さらに、継続的にファクタリングを利用する場合は、会計方針の一貫性を保つことが求められます。

ファクタリングが財務諸表に与える影響

ファクタリングを利用すると、貸借対照表上の売掛金残高は減少し、現金預金が増加します。

また、貸倒引当金も同時に減少するため、総資産の構造が変化します。

この結果、債権リスクが軽減される一方で、手数料分が費用として計上されるため、利益には影響が出ます。

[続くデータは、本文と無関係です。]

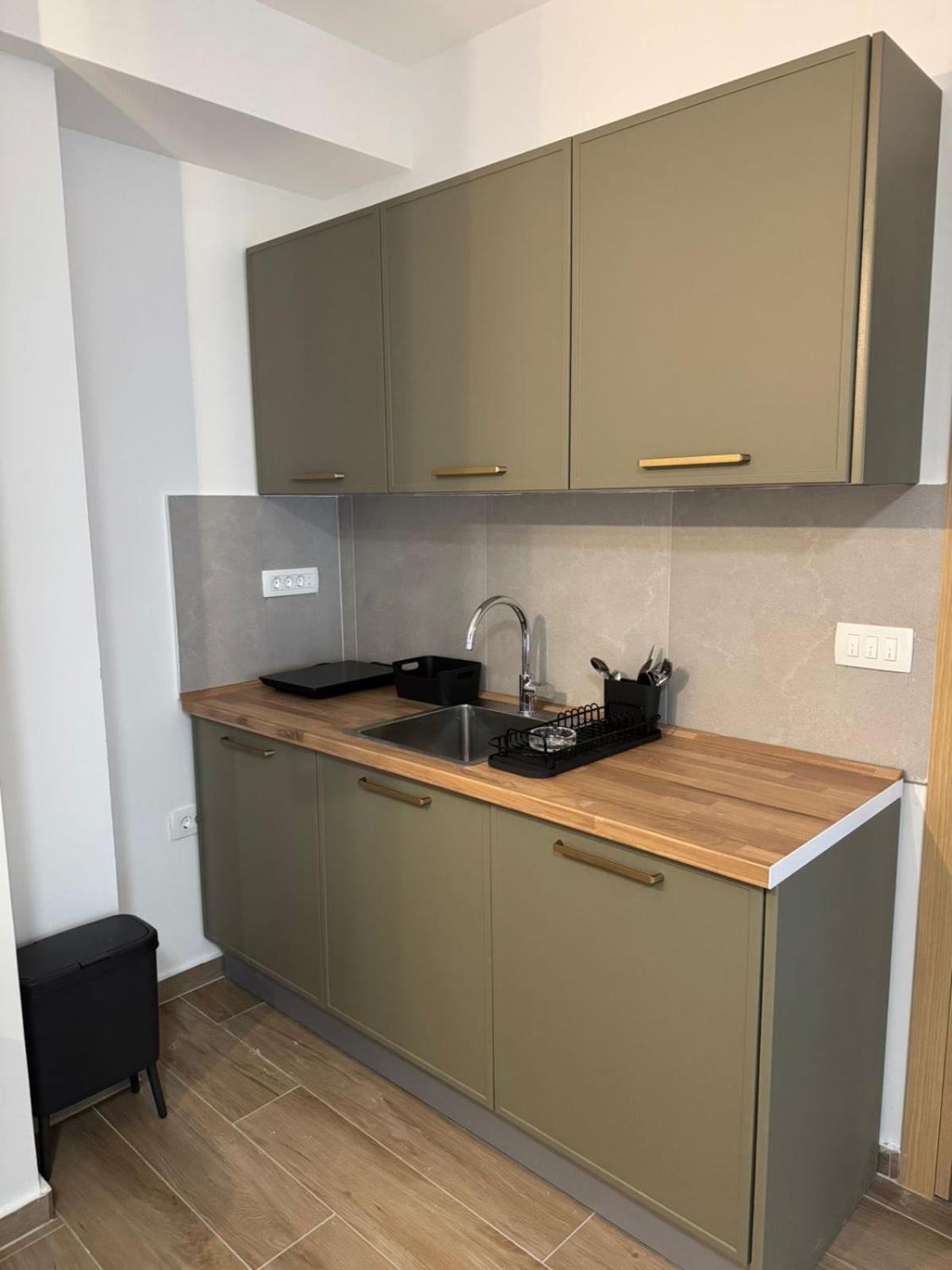 Apartment Vila Trinity Stoliv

そのため、単なる資金調達手段としてだけでなく、財務構造の変化としても理解する必要があります。

税務上の取り扱いと実務対応

ファクタリングに伴う貸倒引当金の取り扱いは、税務上も会計処理と整合性を持たせる必要があります。

貸倒引当金の取り崩しは損金算入に影響する場合があるため、慎重な処理が求められます。

また、継続的に利用する場合は、税務調査に備えて契約書や債権譲渡の証拠を保管しておくことが重要です。

専門家である税理士や会計士と連携しながら処理を行うことで、リスクを最小限に抑えることができます。

まとめ

ファクタリングと貸倒引当金は密接に関連していますが、その本質は異なります。ファクタリングによって売掛金が譲渡されると、その債権に対する貸倒リスクも移転するため、貸倒引当金は原則として取り崩しが必要になります。

この処理を正しく行うことで、財務諸表の整合性を保ち、正確な経営状況を把握することができます。

また、2社間・3社間ファクタリングの違いや税務上の取り扱いも理解しておくことで、より適切な会計処理が可能になります。

ファクタリングを活用する際には、資金調達効果だけでなく会計・財務への影響も含めて総合的に判断することが重要です。